Fulano en español??? Cada vez se complica más


----------



## Tomby

amistad2008 said:


> Fulano en español??? Cada vez se complica más


Amistad, é como você disse na resposta #3: _"Fulano, Zutano y Mengano" _e Perengano. Os mais usados são: Fulano e Mengano.
Cumprimentos!
TT.


----------



## Giorgio Lontano

amistad2008 said:


> Fulano en español??? Cada vez se complica más


 
Mas Fulano é o cara mais famoso!  

Não tem por quê ser complicado Amistad, é só começar: “Fulano, Mengano...” já depois o pessoal vai entender.

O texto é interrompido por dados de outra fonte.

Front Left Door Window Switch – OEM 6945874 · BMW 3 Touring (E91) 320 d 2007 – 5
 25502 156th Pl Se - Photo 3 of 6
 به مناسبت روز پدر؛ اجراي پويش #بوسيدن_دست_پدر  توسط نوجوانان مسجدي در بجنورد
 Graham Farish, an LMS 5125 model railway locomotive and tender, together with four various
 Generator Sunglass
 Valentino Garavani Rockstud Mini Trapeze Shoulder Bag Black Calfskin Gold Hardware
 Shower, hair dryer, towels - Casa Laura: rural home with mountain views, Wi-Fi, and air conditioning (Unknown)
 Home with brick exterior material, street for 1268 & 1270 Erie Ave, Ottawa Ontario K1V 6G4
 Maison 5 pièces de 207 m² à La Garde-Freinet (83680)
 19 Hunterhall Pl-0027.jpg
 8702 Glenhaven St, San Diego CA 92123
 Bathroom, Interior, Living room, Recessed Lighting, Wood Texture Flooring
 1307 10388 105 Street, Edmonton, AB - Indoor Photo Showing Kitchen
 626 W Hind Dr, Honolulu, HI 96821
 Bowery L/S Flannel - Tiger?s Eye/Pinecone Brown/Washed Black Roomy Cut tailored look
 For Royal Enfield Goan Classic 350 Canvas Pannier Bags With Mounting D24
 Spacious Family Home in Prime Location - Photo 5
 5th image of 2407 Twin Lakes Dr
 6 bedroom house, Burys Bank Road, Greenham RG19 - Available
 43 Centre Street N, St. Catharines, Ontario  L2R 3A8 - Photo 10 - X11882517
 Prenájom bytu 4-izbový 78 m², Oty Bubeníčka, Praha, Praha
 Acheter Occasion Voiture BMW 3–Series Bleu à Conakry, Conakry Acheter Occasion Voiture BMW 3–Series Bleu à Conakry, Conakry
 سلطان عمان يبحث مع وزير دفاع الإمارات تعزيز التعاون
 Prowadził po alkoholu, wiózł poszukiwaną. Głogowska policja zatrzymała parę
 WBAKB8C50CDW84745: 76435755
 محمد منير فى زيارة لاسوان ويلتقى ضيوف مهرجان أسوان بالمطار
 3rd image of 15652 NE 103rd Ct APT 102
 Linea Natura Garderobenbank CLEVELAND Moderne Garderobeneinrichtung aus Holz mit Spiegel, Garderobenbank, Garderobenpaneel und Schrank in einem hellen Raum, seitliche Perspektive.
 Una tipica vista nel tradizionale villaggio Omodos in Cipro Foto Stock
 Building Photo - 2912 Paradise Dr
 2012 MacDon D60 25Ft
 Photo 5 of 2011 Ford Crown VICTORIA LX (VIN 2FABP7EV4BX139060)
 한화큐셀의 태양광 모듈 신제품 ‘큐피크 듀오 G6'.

Eu nunca tinha ouvido “Citano” por exemplo, mas se alguém falasse dele depois de mencionar ao Fulanão, eu ia saber que é seu irmão também.

Abraços.


M


----------



## amistad2008

Tombatossals said:


> Amistad, é como você disse na resposta #3: _"Fulano, Zutano y Mengano" _e Perengano. Os mais usados são: Fulano e Mengano.
> Cumprimentos!
> TT.


 
É mesmo, Tombatossals ... Me confundi tanto que nem lembrei que fui eu mesma quem escreveu.

Valeu



Giorgio Lontano said:


> Mas Fulano é o cara mais famoso!
> 
> Não tem por quê ser complicado Amistad, é só começar: “Fulano, Mengano...” já depois o pessoal vai entender. Eu nunca tinha ouvido “Citano” por exemplo, mas se alguém falasse dele depois de mencionar ao Fulanão, eu ia saber que é seu irmão também.
> 
> Abraços.
> 
> 
> M


 
Certo, certo... já está anotado.

Valeu


----------